31•03•2020


Ich blicke aus dem Fenster,
sehe den Himmel,
Der in dem schönsten hellblau strahlt.
Bäume wanken im Wind und
Wiegen sich in Monotonie.
Die Tage ziehen sich wie Sirup in die
Länge. Am Ende des Tages weiß ich
Nicht mehr, was ich gemacht habe,
Wie oft ich die Treppen im Haus
Hoch und runter gelaufen bin,
Wie oft ich draußen war,
Immer wieder den gleichen Weg laufe
Und trotzdem bin ich doch zufrieden,
Auch wenn mein Leben auf weniger als
1 km stattfindet. In diesem Gebiet bewege
Ich mich hin und her und strahle ins 
Sonnenlicht, dass mich blendet.
Der einzige Ausbruch in die große
Weite Welt gelingt mir
Durch deine Nachrichten, 
Dir mir zeigen, dass es da draußen 
Noch viel mehr gibt als 
Wir uns momentan vorstellen können.
Schon krass, wie schnell sich manches
Verschiebt. Wie schnell all 
das ändert.
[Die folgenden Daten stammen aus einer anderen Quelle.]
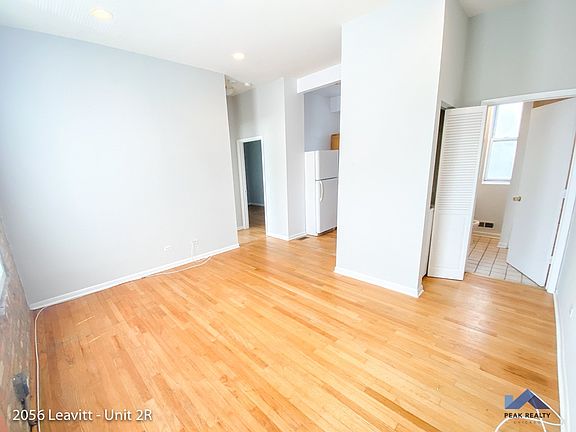 4th image of 2056 N Leavitt St #1711347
Das zwischen uns.
Wie Schenkel all das
Zur scheinbaren Normalität,
Zum Alltag wird, wie schnell wir uns
An all das gewöhnen. 
An die Distanz. 
An den Abstand.
Das einzige was ich wirklich
Vermisse, ist ab und zu
Von dir in die Arme genommen zu werden
Und zu hören, dass wir ab jetzt 
all das gemeinsam schaffen können
Und du an mich glaubst.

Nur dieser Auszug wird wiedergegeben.